The move seeks to put an end to the flood of players signed under Kolpak terms or European passports.
"It will be around £200 per day per England-qualified player, which equates to £20,000 per player," Collier said.
"We're going to be rewarding all counties for performance analysis of England-qualified players.
"It's going to be a tremendous boost, in terms of the number of England-qualified players and for our selectors who will have a full performance analysis video record of every single England-qualified player in every single match."
KEY POINTS OF STRATEGIC PLAN
Reducing governance of the ECB to three committees - cricket, finance and commercial - by 2006
Providing performance-related payments to counties for producing England players
Aiming to increase domestic audiences by 15% over four years
Developing a £5 million interest-free loan to grass roots clubs over the next four years
Developing heroes - three superstars known by 10% of population by 2009
The unveiling of Collier's strategic plan - at a school in Middlesex - was attended by national captains Michael Vaughan and Clare Connor.
Vaughan said: "I'm certainly happy with the performance-related development of the county scene, counties getting rewarded for developing English-based players.
"The crucial facts of the last year or so are that England has had a number of heroes for the kids to look up to - there are a lot of people talking about cricket now."
Collier has set ambitious targets for the national sides.
"We want our men's, women's and disability teams to be number one or two in both the Test and one-day games by 2009.
"Clearly we have made huge progress on that. The women recently reached the World Cup semi-finals and the men are rated two in the World Test Championship.
"Clearly we want to climb the ladder with the one-day side in preparation for the 2007 World Cup but we have made progress in recent years."
Counties, meanwhile, will also be requested to redirect up to 80% of their income on developing young cricketers.
"We will be announcing a £5 million community fund that will create facilities at club level and we will also announce 20,000 school visits," Collier added.

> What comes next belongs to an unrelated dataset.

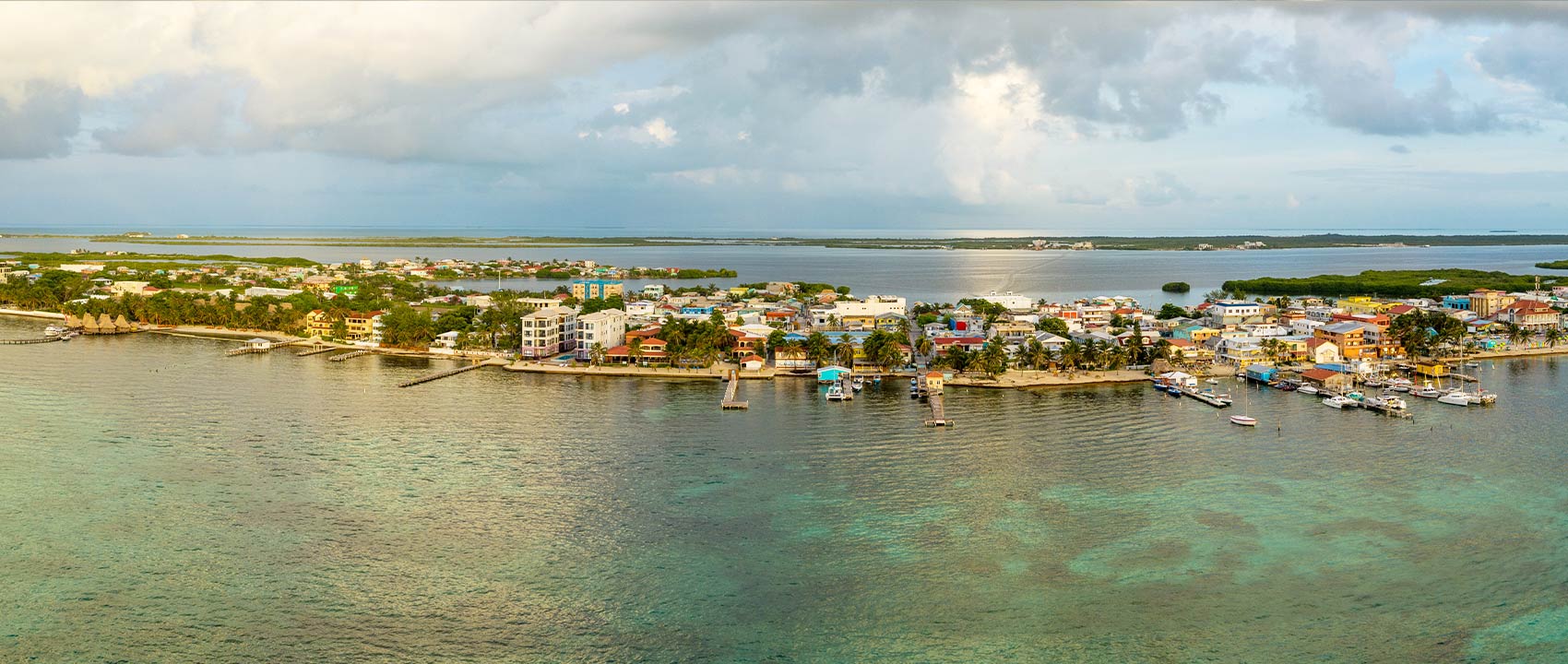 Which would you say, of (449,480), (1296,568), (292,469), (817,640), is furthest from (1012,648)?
(292,469)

"We need the facilities to bring the children into the clubs after that. We will be enhancing artificial turf pitches and clubhouses throughout the country which we believe will be a tremendous boost."
Collier has kept himself out of the limelight since his appointment as the ECB's successor to Tim Lamb in October 2004.
He avoided criticism surrounding the Sky TV deal and the Zimbabwe crisis, but this is his opportunity to put his mark on English cricket.